**Task instructions**.
Copy every record verbatim but exclude the pictures.

━━ Supplied data ━━

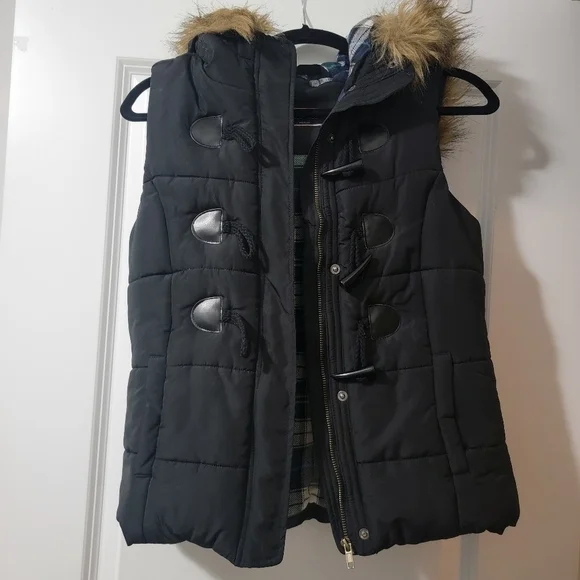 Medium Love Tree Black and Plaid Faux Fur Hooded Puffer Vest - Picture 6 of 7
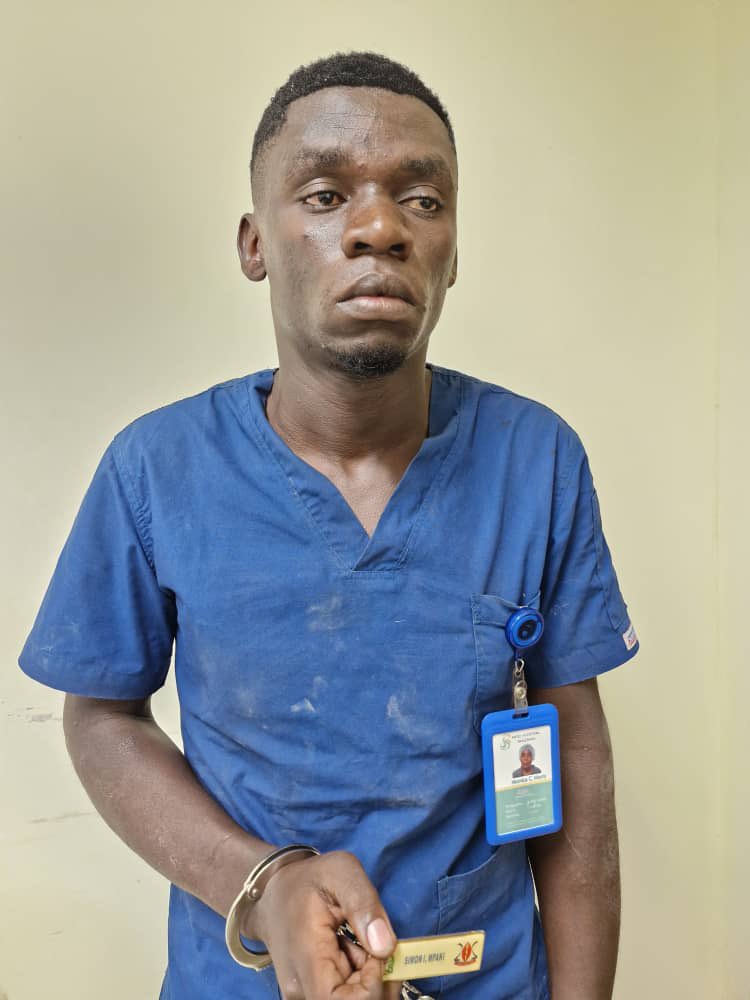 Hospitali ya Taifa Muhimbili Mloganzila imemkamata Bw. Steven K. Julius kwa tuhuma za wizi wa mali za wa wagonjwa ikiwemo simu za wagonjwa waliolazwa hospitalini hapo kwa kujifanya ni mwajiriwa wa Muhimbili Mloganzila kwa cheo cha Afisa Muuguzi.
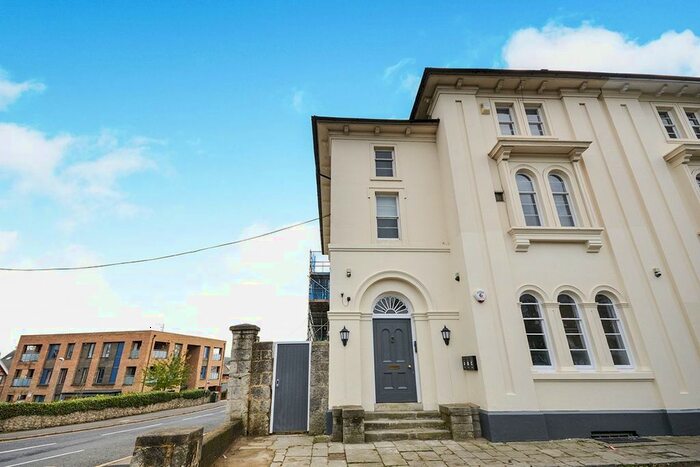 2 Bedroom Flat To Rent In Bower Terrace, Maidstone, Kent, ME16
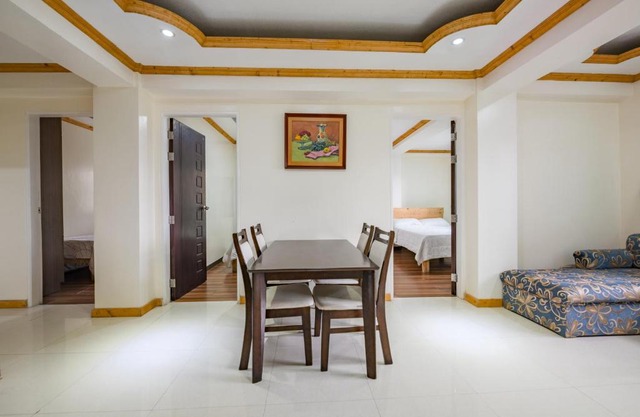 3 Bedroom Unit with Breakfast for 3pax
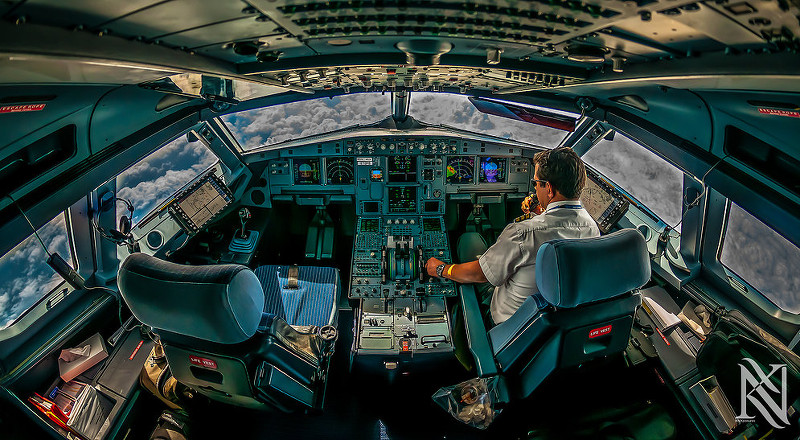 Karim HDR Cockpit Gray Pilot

━━━

**Exercise output**.
 Medium Love Tree Black and Plaid Faux Fur Hooded Puffer Vest - Picture 6 of 7
 Hospitali ya Taifa Muhimbili Mloganzila imemkamata Bw. Steven K. Julius kwa tuhuma za wizi wa mali za wa wagonjwa ikiwemo simu za wagonjwa waliolazwa hospitalini hapo kwa kujifanya ni mwajiriwa wa Muhimbili Mloganzila kwa cheo cha Afisa Muuguzi.
 2 Bedroom Flat To Rent In Bower Terrace, Maidstone, Kent, ME16
 3 Bedroom Unit with Breakfast for 3pax
 Karim HDR Cockpit Gray Pilot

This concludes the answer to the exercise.